Isaías 7, 10-14; 8, 10; Sal 39, 7-8a. 8b-9. 10. 11; Hebreos 10, 4-10; san Lucas 1, 26-38
Los salmos son una fuente inagotable de oración. Qué sorprendente es el inicio del salmo de la misa de hoy: “Tu no quieres sacrificios ni ofrendas”. Quizá lo primero que podríamos pensar es nos han enseñado justo lo contrario. Siempre nos han inculcado que debemos ser sacrificados, que debemos ofrecer las cosas a Dios. Y la confusión podría aumentar al leer a continuación lo que añade el mismo salmo: “Tú no quieres sacrificios ni ofrendas, y, en cambio, me abriste el oído”. En cambio me abriste el oído. ¿qué tendrá que ver? Podríamos preguntarnos.
Parece evidente que el Señor prefiere que tengamos el oído abierto a lo que nos puede decir más que a las ofrendas que, según nuestro gusto, le podamos ofrecer.
E insiste: “no pides sacrificio expiatorio, entonces yo digo: ‘aquí estoy’. Aquí estoy como está escrito en mi libro para hacer tu voluntad; Dios mío, lo quiero, y llevo tu ley en las entrañas”.
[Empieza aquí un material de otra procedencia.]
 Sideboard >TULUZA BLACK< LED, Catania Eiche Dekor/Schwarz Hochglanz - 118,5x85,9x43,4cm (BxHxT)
Quizá ya va estando más claro. A veces ofrecemos las cosas a Dios, por ejemplo al levantarnos por la mañana, o a lo largo del día; a veces nos imponemos pequeños o no tan pequeños sacrificios: no comer de algunas cosas que nos gustan, privarnos de cosas buenas por amor a Dios. Sacrificios y ofrendas. Pero estaríamos equivocando el auténtico espíritu cristiano, lo que Dios quiere de nosotros, si hiciéramos esos sacrificios y ofrendas, pero -y este ‘pero’ es muy importante- sin hacer lo que realmente Dios nos pide en cada momento. Por eso el salmista dice, como si se hubiera dado cuenta de pronto: “tú no quieres sacrificios ni ofrendas” pero ya sé lo que quieres, tú, Señor lo que quieres es que yo diga en todo momento “aquí estoy para hacer tu voluntad”.
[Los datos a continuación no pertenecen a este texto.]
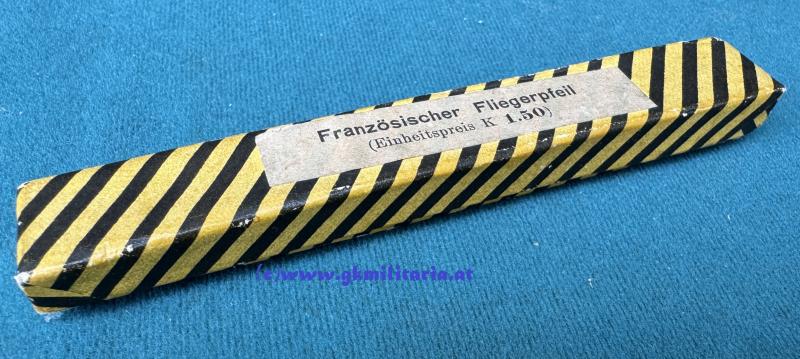 k.u.k. Patriotischer Fliegerpfeil im Verkaufskarton!! - Selten!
Así, ¿de qué valdría, por ejemplo, en un estudiante, que se sacrificara no comiendo, que durmiera en el suelo, que al levantarse ofreciera todas sus obras a Dios y, luego, durante el día, no estudiara, no atendiera en clases? Si a lo largo de la jornada maltratara de palabra y con obras a sus compañeros. Y si se tratara, por ejemplo, de un padre de familia, no estaría haciendo la voluntad de Dios el que se “matara” a trabajar, se sacrificara mucho en la oficina, en el campo y, al llegar a casa, contestara mal a su mujer, o no atendiera a sus hijos.
Lo que Dios quiere es que en cada momento hagamos lo que debemos -su voluntad-, que cumplamos siempre sus mandamientos; que digamos: “Dios mío, lo quiero, y llevo tu ley en las entrañas”, como dice el salmo.
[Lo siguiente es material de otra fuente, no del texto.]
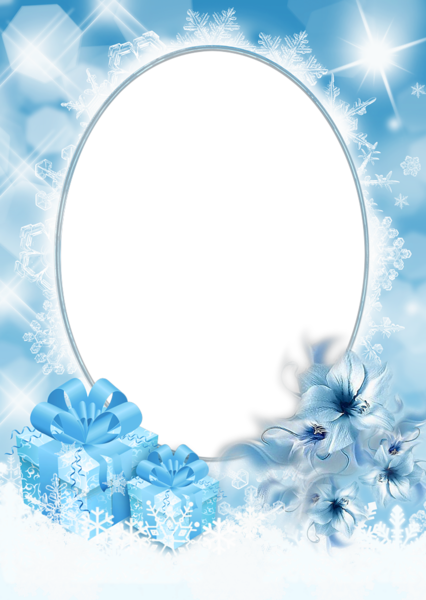 This png image - Ice Christmas PNG Photo Frame, is available for free download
¡Cuántas veces ocurre lo contrario! Hay gente -y esa gente somos también nosotros- que es capaz de grandes sacrificios, o de grandes ofrendas: vamos en peregrinación a una ermita, o hacemos un via-crucis, o rezamos tres rosarios. Pero luego en el trabajo, en la familia, con los amigos, no nos comportamos como buenos cristianos, no hacemos la voluntad de Dios, lo que sabemos que quiere de nosotros. Por eso Señor, Tú nos aclaras que “no quieres sacrificios ni ofrendas y en cambio me abriste el oído”. Claro. Me abriste el oído para que escuche la palabra de Dios, para que “me entere” qué es lo que me estás diciendo en cada momento.
Es un error en el que podemos incurrir fácilmente. Por eso terminamos nuestra consideración con las últimas palabras del salmo que queremos hacer nuestras: “he proclamado tu salvación ante la gran asamblea; no he cerrado los labios: Señor, tú lo sabes. No me he guardado en el pecho tu defensa, he contado tu fidelidad y tu salvación, no he negado tu misericordia y tu lealtad ante la gran asamblea”.